Health Spending And Survival Rates: How Does America Compare?
October 7th, 2010
It is widely known that Americans spend more on health care per capita than many wealthier nations. It is also known that fewer of us are living as long as our international counterparts. A recent study, authored by Peter Muennig and Sherry Glied and funded by the Commonwealth Fund, shines a new light on this situation.
The study explores changes in 15-year survival at middle and older ages alongside per capita health care spending for the United States and 12 other countries. Muennig and Glied then examine the extent to which the survival and cost variations over time can be explained by demographics, obesity, smoking, or non-medical causes of death.
The authors are both affiliated with the Mailman School of Public Health at Columbia University in New York.
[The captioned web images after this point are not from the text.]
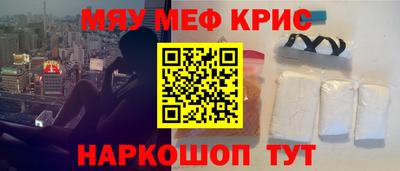 а пвп мука Татарск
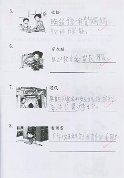 1C 譚俊亨 (2)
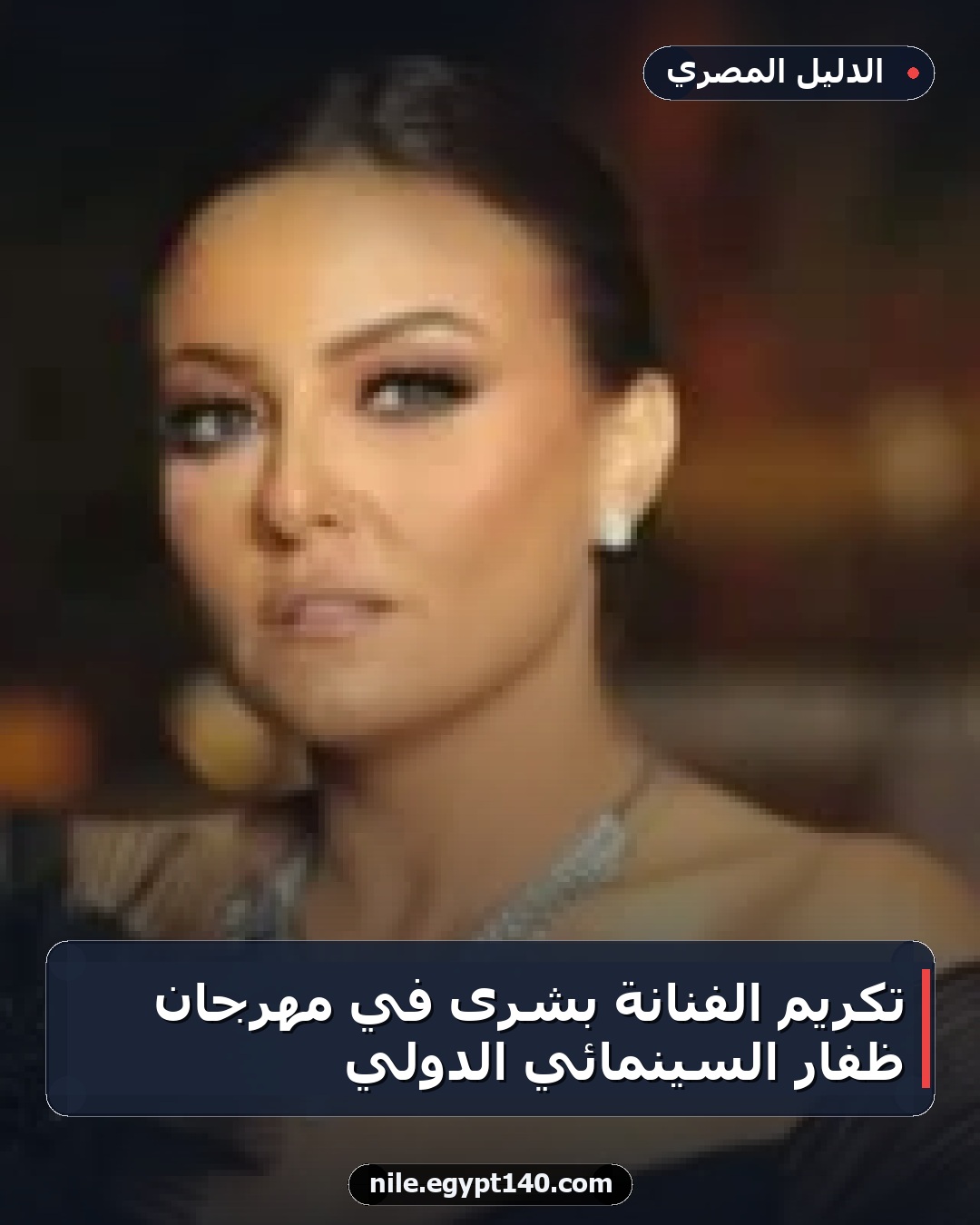 تكريم الفنانة بشرى في مهرجان ظفار السينمائي الدولي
Glied, currently on leave from Mailman, is Assistant Secretary for Planning and Evaluation at the U.S. Department of Health and Human Services. This paper, written prior to that appointment, does not reflect the official views of HHS.
Muennig and Glied compared the United States and 12 countries that provide their citizens with universal health coverage: Australia, Austria, Belgium, Canada, France, Germany, Italy, Japan, the Netherlands, Sweden, Switzerland, and the United Kingdom. They examined relative changes in cost and 15-year survival from 1975 to 2005, and focused on men and women 45 and 65 years old.
According to the data, the United States is falling further and further behind the 12 other countries with respect to 15-year survival, and at the same time relative health care spending has more than doubled. However, smoking and obesity, two major health problems, do not seem to explain the poor U.S. performance. As it turns out, the prevalence of obesity has grown more slowly in the United States than in other countries and smoking prevalence has declined more rapidly here.
Rising health spending itself, the authors conclude, might be responsible for the relative decline in survival. They cite three consequences of rising health spending: an increase in the number of people with inadequate health insurance; the inability to allocate financial resources to life-saving programs; and unregulated fee-for-service reimbursement and an emphasis on specialty care that leads to unneeded procedures and fragmented care. As a result, they conclude, “meaningful reform may not only save money over the long term: it may also save lives.”